[Work to be completed] All that should come back is the lines of the data below from the one containing "QQMALL Girl Anime" to the one containing "jacket, cartoon, comic", inclusive, exactly as they stand.
-------- Dataset content
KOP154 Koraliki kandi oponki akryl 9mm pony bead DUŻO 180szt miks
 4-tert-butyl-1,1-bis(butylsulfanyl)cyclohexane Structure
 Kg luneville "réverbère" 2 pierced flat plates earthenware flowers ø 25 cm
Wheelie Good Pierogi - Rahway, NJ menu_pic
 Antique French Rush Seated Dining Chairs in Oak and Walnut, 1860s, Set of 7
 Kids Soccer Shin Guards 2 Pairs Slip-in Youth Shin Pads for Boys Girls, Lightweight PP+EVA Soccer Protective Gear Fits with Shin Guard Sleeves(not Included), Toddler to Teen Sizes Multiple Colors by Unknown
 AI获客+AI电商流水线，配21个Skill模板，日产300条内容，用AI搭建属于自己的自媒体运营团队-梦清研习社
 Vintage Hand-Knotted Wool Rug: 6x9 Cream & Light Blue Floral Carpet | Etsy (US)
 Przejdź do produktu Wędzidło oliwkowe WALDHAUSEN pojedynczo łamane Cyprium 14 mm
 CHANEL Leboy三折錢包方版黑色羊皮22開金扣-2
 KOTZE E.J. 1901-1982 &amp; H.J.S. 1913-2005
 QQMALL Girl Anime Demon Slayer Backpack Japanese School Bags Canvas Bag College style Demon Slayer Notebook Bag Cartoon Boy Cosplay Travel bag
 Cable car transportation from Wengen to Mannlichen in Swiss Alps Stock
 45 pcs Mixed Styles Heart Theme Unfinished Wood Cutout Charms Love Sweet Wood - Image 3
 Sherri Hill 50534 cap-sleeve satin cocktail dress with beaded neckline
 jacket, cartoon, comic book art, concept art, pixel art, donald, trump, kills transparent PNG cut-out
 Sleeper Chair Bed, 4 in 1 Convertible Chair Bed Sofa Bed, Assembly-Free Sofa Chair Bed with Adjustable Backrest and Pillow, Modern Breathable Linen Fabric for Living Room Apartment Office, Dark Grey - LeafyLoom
----------------
[Solution for this problem]
 QQMALL Girl Anime Demon Slayer Backpack Japanese School Bags Canvas Bag College style Demon Slayer Notebook Bag Cartoon Boy Cosplay Travel bag
 Cable car transportation from Wengen to Mannlichen in Swiss Alps Stock
 45 pcs Mixed Styles Heart Theme Unfinished Wood Cutout Charms Love Sweet Wood - Image 3
 Sherri Hill 50534 cap-sleeve satin cocktail dress with beaded neckline
 jacket, cartoon, comic book art, concept art, pixel art, donald, trump, kills transparent PNG cut-out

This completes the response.